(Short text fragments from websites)
:::::

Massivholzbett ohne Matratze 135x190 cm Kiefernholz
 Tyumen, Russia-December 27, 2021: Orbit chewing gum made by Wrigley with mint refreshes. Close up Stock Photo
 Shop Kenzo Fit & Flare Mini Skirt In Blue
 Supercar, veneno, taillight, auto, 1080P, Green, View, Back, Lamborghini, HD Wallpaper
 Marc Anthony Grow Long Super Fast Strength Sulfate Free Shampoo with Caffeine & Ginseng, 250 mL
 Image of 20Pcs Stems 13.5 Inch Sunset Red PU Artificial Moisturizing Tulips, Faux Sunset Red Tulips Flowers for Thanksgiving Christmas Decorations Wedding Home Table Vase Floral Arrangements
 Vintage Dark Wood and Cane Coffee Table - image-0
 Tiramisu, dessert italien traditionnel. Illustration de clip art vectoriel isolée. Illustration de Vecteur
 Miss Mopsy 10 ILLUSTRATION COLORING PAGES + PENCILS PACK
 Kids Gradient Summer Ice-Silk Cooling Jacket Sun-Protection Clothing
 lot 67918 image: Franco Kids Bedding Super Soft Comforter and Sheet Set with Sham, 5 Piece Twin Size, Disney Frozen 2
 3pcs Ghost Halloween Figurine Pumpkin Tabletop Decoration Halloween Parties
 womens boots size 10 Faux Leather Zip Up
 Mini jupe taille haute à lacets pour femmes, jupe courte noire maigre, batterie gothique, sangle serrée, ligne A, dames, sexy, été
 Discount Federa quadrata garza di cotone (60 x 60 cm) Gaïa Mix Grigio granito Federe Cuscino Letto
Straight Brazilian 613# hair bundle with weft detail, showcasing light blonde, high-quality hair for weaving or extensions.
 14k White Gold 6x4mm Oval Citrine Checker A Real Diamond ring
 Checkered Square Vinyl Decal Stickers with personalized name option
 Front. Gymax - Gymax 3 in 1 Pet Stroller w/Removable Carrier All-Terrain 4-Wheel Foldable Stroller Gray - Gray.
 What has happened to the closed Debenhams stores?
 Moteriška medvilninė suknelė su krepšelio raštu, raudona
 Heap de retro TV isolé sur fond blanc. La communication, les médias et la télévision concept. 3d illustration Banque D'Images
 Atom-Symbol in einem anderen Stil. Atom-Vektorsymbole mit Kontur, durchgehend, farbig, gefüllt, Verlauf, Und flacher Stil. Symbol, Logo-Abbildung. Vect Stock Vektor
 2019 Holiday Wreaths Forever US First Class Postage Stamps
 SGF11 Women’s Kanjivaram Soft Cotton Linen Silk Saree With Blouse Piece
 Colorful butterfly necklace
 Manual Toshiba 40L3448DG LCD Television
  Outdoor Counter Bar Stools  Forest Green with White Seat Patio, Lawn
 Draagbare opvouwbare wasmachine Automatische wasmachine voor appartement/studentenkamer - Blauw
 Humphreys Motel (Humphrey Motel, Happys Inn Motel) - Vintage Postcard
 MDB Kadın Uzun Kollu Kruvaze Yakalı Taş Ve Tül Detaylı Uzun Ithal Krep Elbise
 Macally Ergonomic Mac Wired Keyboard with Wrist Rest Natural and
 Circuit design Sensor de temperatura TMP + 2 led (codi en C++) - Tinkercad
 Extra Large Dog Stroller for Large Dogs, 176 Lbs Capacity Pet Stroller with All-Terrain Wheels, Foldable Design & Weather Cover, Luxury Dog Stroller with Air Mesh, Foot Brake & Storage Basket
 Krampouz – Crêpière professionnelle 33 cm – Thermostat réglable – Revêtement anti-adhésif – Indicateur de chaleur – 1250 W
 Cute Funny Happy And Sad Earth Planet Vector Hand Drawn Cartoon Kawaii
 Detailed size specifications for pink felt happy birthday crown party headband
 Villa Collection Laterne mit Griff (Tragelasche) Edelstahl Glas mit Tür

:::::

▶ WORK INSTRUCTION: Retype all of the records above, word for word.

▶ ANSWER TO THE EXERCISE:
Massivholzbett ohne Matratze 135x190 cm Kiefernholz
 Tyumen, Russia-December 27, 2021: Orbit chewing gum made by Wrigley with mint refreshes. Close up Stock Photo
 Shop Kenzo Fit & Flare Mini Skirt In Blue
 Supercar, veneno, taillight, auto, 1080P, Green, View, Back, Lamborghini, HD Wallpaper
 Marc Anthony Grow Long Super Fast Strength Sulfate Free Shampoo with Caffeine & Ginseng, 250 mL
 Image of 20Pcs Stems 13.5 Inch Sunset Red PU Artificial Moisturizing Tulips, Faux Sunset Red Tulips Flowers for Thanksgiving Christmas Decorations Wedding Home Table Vase Floral Arrangements
 Vintage Dark Wood and Cane Coffee Table - image-0
 Tiramisu, dessert italien traditionnel. Illustration de clip art vectoriel isolée. Illustration de Vecteur
 Miss Mopsy 10 ILLUSTRATION COLORING PAGES + PENCILS PACK
 Kids Gradient Summer Ice-Silk Cooling Jacket Sun-Protection Clothing
 lot 67918 image: Franco Kids Bedding Super Soft Comforter and Sheet Set with Sham, 5 Piece Twin Size, Disney Frozen 2
 3pcs Ghost Halloween Figurine Pumpkin Tabletop Decoration Halloween Parties
 womens boots size 10 Faux Leather Zip Up
 Mini jupe taille haute à lacets pour femmes, jupe courte noire maigre, batterie gothique, sangle serrée, ligne A, dames, sexy, été
 Discount Federa quadrata garza di cotone (60 x 60 cm) Gaïa Mix Grigio granito Federe Cuscino Letto
Straight Brazilian 613# hair bundle with weft detail, showcasing light blonde, high-quality hair for weaving or extensions.
 14k White Gold 6x4mm Oval Citrine Checker A Real Diamond ring
 Checkered Square Vinyl Decal Stickers with personalized name option
 Front. Gymax - Gymax 3 in 1 Pet Stroller w/Removable Carrier All-Terrain 4-Wheel Foldable Stroller Gray - Gray.
 What has happened to the closed Debenhams stores?
 Moteriška medvilninė suknelė su krepšelio raštu, raudona
 Heap de retro TV isolé sur fond blanc. La communication, les médias et la télévision concept. 3d illustration Banque D'Images
 Atom-Symbol in einem anderen Stil. Atom-Vektorsymbole mit Kontur, durchgehend, farbig, gefüllt, Verlauf, Und flacher Stil. Symbol, Logo-Abbildung. Vect Stock Vektor
 2019 Holiday Wreaths Forever US First Class Postage Stamps
 SGF11 Women’s Kanjivaram Soft Cotton Linen Silk Saree With Blouse Piece
 Colorful butterfly necklace
 Manual Toshiba 40L3448DG LCD Television
  Outdoor Counter Bar Stools  Forest Green with White Seat Patio, Lawn
 Draagbare opvouwbare wasmachine Automatische wasmachine voor appartement/studentenkamer - Blauw
 Humphreys Motel (Humphrey Motel, Happys Inn Motel) - Vintage Postcard
 MDB Kadın Uzun Kollu Kruvaze Yakalı Taş Ve Tül Detaylı Uzun Ithal Krep Elbise
 Macally Ergonomic Mac Wired Keyboard with Wrist Rest Natural and
 Circuit design Sensor de temperatura TMP + 2 led (codi en C++) - Tinkercad
 Extra Large Dog Stroller for Large Dogs, 176 Lbs Capacity Pet Stroller with All-Terrain Wheels, Foldable Design & Weather Cover, Luxury Dog Stroller with Air Mesh, Foot Brake & Storage Basket
 Krampouz – Crêpière professionnelle 33 cm – Thermostat réglable – Revêtement anti-adhésif – Indicateur de chaleur – 1250 W
 Cute Funny Happy And Sad Earth Planet Vector Hand Drawn Cartoon Kawaii
 Detailed size specifications for pink felt happy birthday crown party headband
 Villa Collection Laterne mit Griff (Tragelasche) Edelstahl Glas mit Tür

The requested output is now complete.